Die Kritik reicht von Sarkasmus und "optimistischen Giraffen" bis hin zur Bitte, die Shanghaier Börse wegzubomben
„Steht auf! Alle Giraffen, die keine Sklaven sein wollen.“ - Das schrieb ein Weibo-User laut CNN unter dem Post in Anspielung auf den ersten Vers der chinesischen Nationalhymne. In einem anderen Kommentar stand: “Wer kann mir helfen? Ich bin seit einer langen Zeit arbeitslos.”
„Die gesamte Giraffen-Gemeinschaft ist voller Optimismus“, hieß es in einem anderen Kommentar. Das bezieht sich auf die Überschrift eines Artikels in chinesischen Staatsmedien, der am selben Tag wie das Giraffen-Posting erschein: „Das ganze Land ist von Optimismus erfüllt“.

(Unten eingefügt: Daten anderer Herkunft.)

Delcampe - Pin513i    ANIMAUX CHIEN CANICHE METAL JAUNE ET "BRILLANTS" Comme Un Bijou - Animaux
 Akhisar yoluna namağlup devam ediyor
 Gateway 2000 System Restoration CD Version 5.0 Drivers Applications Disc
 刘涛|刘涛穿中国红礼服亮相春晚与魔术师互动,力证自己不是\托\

Dadurch, dass jegliche Kritik an Chinas Führung im Netz streng zensiert wird, verhelfen sich die Nutzer häufig mit versteckten Symbolen, verschleierten Anspielungen und Sarkasmus. So auch beispielsweise während der Pandemie. Aber auch offenkundige Wut fand unter dem Giraffen-Post seinen Platz. So fragte ein Weibo-User laut der FAZ, ob die Amerikaner nicht ein paar Raketen übrig hätten, um die Schanghaier Börse wegzubomben.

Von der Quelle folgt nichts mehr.